(Beginning of Supplied data)

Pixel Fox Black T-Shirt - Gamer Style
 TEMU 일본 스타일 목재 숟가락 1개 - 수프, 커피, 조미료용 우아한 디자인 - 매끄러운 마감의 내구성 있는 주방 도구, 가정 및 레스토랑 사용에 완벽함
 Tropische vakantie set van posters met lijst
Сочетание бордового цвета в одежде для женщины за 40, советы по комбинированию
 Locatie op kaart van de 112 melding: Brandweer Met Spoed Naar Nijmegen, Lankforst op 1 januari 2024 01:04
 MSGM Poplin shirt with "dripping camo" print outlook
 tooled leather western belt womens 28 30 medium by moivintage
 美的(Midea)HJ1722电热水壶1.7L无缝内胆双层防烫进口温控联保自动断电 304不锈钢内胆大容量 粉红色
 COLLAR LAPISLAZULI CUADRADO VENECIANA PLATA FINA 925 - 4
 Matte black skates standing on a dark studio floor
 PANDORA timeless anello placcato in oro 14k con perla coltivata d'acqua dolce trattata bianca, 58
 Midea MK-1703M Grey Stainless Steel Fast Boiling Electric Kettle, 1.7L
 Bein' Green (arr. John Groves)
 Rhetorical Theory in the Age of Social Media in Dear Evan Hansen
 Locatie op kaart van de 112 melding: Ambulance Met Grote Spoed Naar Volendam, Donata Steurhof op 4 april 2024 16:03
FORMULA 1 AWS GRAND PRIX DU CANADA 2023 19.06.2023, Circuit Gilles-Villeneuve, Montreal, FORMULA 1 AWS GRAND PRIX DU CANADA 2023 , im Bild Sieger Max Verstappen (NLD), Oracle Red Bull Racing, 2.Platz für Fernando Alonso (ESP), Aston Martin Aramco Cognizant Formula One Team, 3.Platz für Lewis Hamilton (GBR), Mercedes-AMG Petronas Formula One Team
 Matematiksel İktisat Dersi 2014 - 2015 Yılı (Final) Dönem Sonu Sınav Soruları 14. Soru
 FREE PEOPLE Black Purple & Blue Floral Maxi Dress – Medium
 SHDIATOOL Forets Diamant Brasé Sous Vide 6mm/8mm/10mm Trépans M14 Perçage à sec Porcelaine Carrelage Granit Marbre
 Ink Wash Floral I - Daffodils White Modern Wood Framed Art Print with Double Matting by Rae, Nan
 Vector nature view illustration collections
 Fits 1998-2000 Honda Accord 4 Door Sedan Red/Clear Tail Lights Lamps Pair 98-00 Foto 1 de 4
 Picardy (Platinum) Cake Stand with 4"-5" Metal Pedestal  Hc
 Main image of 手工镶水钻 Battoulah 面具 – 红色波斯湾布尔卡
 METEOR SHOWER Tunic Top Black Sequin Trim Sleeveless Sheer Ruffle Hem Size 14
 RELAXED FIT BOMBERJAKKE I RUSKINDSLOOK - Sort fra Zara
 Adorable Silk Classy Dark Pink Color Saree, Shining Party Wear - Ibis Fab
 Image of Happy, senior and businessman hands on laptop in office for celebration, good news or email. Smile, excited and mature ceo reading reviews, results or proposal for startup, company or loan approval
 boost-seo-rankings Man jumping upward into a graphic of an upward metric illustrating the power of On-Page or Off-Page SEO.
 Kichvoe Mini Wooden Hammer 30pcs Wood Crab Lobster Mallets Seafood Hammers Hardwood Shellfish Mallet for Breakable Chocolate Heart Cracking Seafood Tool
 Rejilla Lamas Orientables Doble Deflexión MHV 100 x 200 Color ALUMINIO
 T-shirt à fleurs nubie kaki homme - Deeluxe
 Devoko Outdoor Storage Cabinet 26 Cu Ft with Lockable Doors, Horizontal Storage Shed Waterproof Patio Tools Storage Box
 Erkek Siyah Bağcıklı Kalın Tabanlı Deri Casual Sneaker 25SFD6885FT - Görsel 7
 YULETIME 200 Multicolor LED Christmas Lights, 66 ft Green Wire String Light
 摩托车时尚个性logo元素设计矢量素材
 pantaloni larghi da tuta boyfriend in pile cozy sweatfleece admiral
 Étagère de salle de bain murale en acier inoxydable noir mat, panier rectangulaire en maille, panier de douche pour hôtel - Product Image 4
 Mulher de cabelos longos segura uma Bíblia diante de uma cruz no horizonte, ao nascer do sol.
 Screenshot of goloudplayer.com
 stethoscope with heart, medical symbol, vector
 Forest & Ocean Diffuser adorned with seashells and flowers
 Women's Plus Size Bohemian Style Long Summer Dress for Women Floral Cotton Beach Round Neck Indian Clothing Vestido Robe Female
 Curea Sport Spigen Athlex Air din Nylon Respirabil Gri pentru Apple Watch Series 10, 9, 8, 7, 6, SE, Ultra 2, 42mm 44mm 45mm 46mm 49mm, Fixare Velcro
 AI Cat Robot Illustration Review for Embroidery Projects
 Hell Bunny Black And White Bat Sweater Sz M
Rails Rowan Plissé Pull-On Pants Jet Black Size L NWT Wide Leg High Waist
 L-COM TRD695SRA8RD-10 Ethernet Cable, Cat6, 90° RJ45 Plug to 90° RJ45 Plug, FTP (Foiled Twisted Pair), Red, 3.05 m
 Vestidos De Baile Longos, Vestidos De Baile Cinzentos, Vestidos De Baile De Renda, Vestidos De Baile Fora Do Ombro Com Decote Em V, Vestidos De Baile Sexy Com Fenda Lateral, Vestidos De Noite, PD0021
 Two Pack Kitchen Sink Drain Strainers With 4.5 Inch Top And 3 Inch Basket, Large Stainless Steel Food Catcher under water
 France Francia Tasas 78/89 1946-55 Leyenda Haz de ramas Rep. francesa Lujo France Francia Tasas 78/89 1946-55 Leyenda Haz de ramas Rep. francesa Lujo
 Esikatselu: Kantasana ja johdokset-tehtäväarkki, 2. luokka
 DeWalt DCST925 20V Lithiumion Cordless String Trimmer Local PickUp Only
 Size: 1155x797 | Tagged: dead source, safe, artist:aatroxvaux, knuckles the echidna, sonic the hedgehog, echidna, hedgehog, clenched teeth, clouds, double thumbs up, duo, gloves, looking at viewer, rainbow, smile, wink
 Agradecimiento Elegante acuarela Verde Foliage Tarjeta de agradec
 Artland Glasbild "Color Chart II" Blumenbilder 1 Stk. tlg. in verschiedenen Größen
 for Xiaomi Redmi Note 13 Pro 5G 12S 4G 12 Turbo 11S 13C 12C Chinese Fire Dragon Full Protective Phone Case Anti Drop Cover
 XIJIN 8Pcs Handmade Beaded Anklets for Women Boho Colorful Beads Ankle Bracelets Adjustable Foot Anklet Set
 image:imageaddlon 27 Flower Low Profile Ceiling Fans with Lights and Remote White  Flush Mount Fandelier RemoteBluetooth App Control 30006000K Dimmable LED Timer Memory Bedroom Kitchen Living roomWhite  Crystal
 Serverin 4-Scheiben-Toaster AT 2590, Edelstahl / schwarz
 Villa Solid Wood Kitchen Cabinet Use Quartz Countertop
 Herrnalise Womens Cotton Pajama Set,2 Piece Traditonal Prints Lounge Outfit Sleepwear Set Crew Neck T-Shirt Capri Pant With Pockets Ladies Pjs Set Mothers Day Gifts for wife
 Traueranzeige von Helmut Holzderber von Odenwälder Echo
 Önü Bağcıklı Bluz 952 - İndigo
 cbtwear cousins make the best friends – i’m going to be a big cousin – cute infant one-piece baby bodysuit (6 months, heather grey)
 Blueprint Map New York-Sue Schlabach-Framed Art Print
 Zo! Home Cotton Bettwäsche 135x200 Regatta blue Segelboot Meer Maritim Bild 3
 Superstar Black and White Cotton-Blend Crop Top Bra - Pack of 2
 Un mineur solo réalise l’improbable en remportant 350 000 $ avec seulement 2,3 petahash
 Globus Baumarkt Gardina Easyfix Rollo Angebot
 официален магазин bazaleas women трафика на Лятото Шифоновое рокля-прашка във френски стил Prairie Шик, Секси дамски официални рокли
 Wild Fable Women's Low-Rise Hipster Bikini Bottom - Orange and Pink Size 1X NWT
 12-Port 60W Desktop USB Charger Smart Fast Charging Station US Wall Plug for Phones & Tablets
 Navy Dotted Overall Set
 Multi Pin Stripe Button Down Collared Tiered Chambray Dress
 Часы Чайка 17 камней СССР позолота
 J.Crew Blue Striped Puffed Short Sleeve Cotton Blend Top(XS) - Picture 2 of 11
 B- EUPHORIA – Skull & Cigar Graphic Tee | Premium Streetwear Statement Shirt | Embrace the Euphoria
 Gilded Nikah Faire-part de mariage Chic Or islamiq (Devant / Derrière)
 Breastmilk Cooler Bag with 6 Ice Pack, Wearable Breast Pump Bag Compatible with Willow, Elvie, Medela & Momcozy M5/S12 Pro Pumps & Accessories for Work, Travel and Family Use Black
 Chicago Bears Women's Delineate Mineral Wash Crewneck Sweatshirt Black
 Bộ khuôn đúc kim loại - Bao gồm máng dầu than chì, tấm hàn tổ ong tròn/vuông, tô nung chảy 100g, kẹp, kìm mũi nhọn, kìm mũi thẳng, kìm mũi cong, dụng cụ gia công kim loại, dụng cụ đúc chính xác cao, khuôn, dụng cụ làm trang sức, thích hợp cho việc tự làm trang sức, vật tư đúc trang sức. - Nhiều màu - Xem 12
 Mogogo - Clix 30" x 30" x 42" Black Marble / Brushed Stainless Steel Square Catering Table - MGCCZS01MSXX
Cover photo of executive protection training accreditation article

(End of Supplied data)

**Assigned task**
The answer must consist of every line in the records above that contains the word "Steel".

**Solution to the problem**
 Midea MK-1703M Grey Stainless Steel Fast Boiling Electric Kettle, 1.7L
 Two Pack Kitchen Sink Drain Strainers With 4.5 Inch Top And 3 Inch Basket, Large Stainless Steel Food Catcher under water
 Mogogo - Clix 30" x 30" x 42" Black Marble / Brushed Stainless Steel Square Catering Table - MGCCZS01MSXX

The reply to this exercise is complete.